Teds father was born in Cuba, fought in the revolution, and was imprisoned and tortured. He fled to Texas in 1957, penniless and not speaking a word of English. He washed dishes for 50 cents an hour, paid his way through the University of Texas, and started a small business in the oil and gas industry. Today, Teds father is a pastor in Dallas.
In the Senate, Ted serves on the Committee on Commerce, Science, and Transportation; the Committee on Armed Services; the Committee on the Judiciary; the Special Committee on Aging; and the Committee on Rules and Administration.
Before being elected, Ted received national acclaim as the Solicitor General of Texas, the State’s chief lawyer before the U.S. Supreme Court. Serving under Attorney General Greg Abbott, Ted was the nations youngest Solicitor General, the longest serving Solicitor General in Texas, and the first Hispanic Solicitor General of Texas.
In private practice in Houston, Ted spent five years as a partner at one of the nations largest law firms, where he led the firms U.S. Supreme Court and national Appellate Litigation practice.
Ted has authored more than 80 U.S. Supreme Court briefs and argued 43 oral arguments, including nine before the U.S. Supreme Court. During Teds service as Solicitor General, Texas achieved an unprecedented series of landmark national victories, including successfully defending:
U.S. sovereignty against the UN and the World Court in Medellin v.
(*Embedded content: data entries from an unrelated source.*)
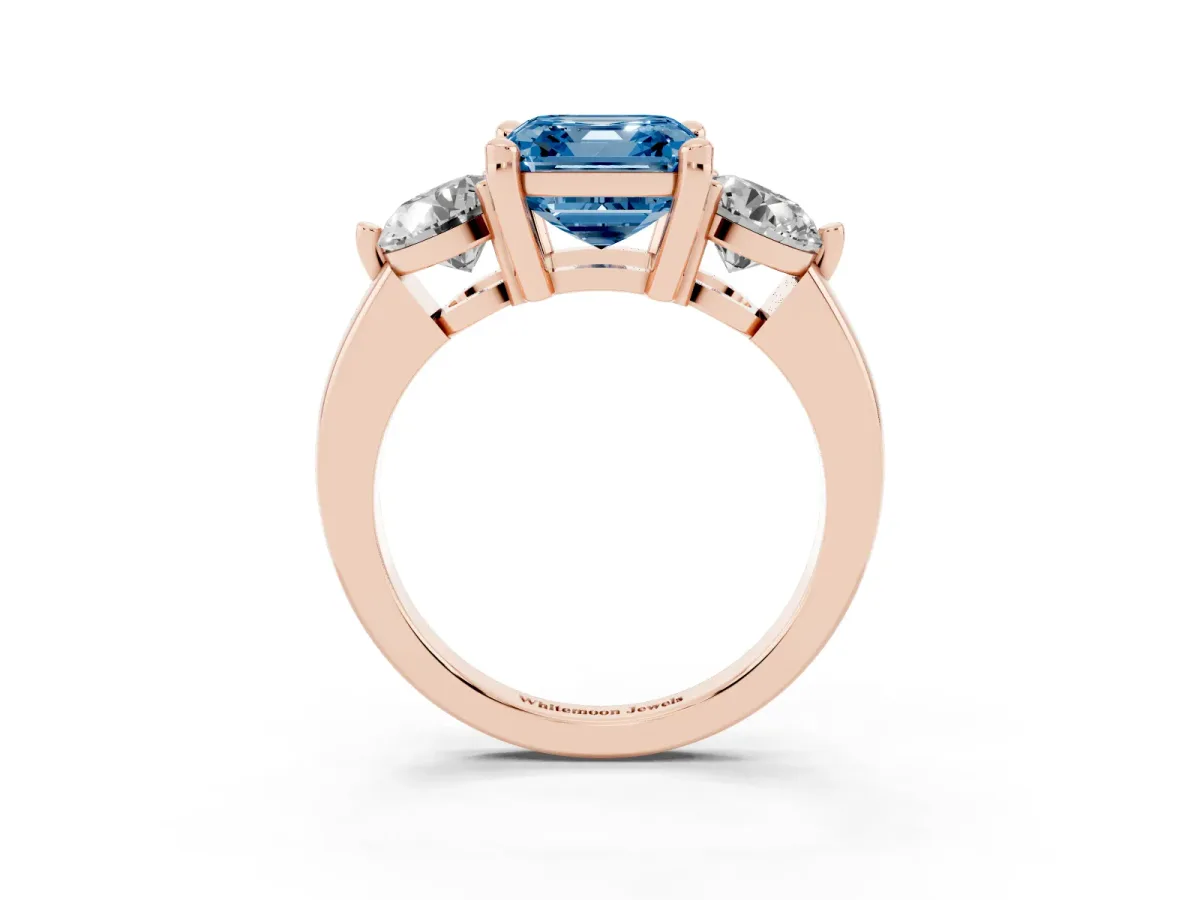Fancy Blue Three-Stone Asscher Cut Brilliant Cut Solitaire Ring with Prong Setting on a Classic Band Rose gold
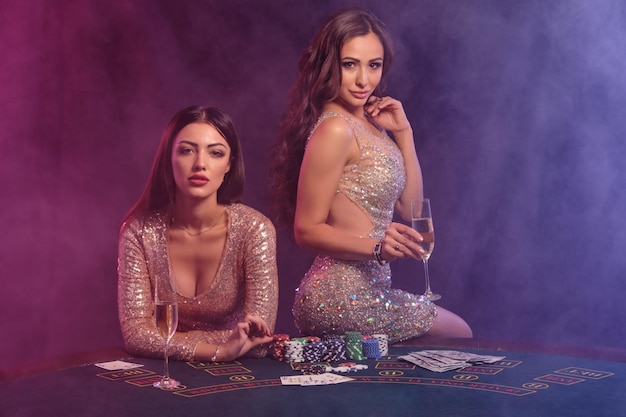 Duas mulheres bonitas em vestidos dourados bebendo champanhe posando na mesa de jogo no cassino Luzes de fundo coloridas de fundo de fumaça preta Jogo de entretenimento fichas de pôquer cartões de dinheiro Closeup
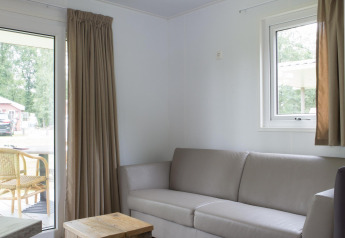 Stue i en Forest lodge på Veluwecamping De Pampel i Holland med sofa, træbord og udsigt til terrassen.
Texas;
The Second Amendment right to keep and bear arms;
The constitutionality of the Texas Ten Commandments monument;
The constitutionality of the words under God in the Pledge of Allegiance;
The constitutionality of the Texas Sexually Violent Predator Civil Commitment law; and
The Texas congressional redistricting plan.
The National Law Journal has called Ted a key voice to whom the [U.S. Supreme Court] Justices listen. Ted has been named by American Lawyer magazine as one of the 50 Best Litigators under 45 in America, by the National Law Journal as one of the 50 Most Influential Minority Lawyers in America, and by Texas Lawyer as one of the 25 Greatest Texas Lawyers of the Past Quarter Century.
From 2004-09, he taught U.S. Supreme Court Litigation as an Adjunct Professor of Law at the University of Texas School of Law.
Prior to becoming Solicitor General, he served as the Director of the Office of Policy Planning at the Federal Trade Commission, as Associate Deputy Attorney General at the U.S. Department of Justice, and as Domestic Policy Advisor on the 2000 Bush-Cheney campaign.
Ted graduated with honors from Princeton University and with high honors from Harvard Law School. He served as a law clerk to Chief Justice William Rehnquist on the U.S. Supreme Court. He was the first Hispanic ever to clerk for the Chief Justice of the United States.
Ted and his wife Heidi live in his hometown of Houston, Texas, with their two young daughters Caroline and Catherine.
Education
Harvard Law School, 1995, J.D., Magna Cum Laude
Princeton University, 1992, A.B., Cum Laude
Publications
Is the Administrative State on the Rise? - Event Audio/Video
First Annual Executive Branch Review Conference
June 13, 2013
Address by Senator-Elect Ted Cruz - Event Audio/Video
2012 National Lawyers Convention
November 20, 2012
Enumerated Powers, the Tenth Amendment, and Limited Government - Event Audio/Video
2010 National Lawyers Convention
November 18, 2010
The Role of the State Attorney General - Podcast
Federalism & Separation of Powers Practice Group
May 20, 2010
Salazar v. Buono and the Establishment Clause - Podcast
Religious Liberties Practice Group
April 6, 2010
A Look Back at the October Supreme Court 2007 Term - Event Audio/Video
July 1, 2008
SCOTUScast 10-11-07 featuring Ted Cruz
Medellin v. Texas
October 11, 2007
Medellin v. Texas: Presidential Power and International Tribunals - Event Audio/Video
September 27, 2007
A Preview of the Supreme Court October 2007 Term, With a Look Back at the October 2006 Term - Event Audio/Video
September 26, 2007
Government—Friend or Foe of E-Commerce? - Transcript
Fight The Future? Government Regulation and Technological Progress
October 18, 2001
Debates
District of Columbia v. Heller
June 26, 2008
Medellin v. Texas
Part I: Self-Execution
March 28, 2008
From the Federalist Society:
http://www.fed-soc.org/publications/id.475/author.asp
Hon. R. Ted Cruz
In 2012, Ted Cruz was elected as the 34th U.S. Senator from Texas. A passionate fighter for limited government, economic growth, and the Constitution, Ted won a decisive victory in both the Republican primary and the general election, despite having never before been elected to office.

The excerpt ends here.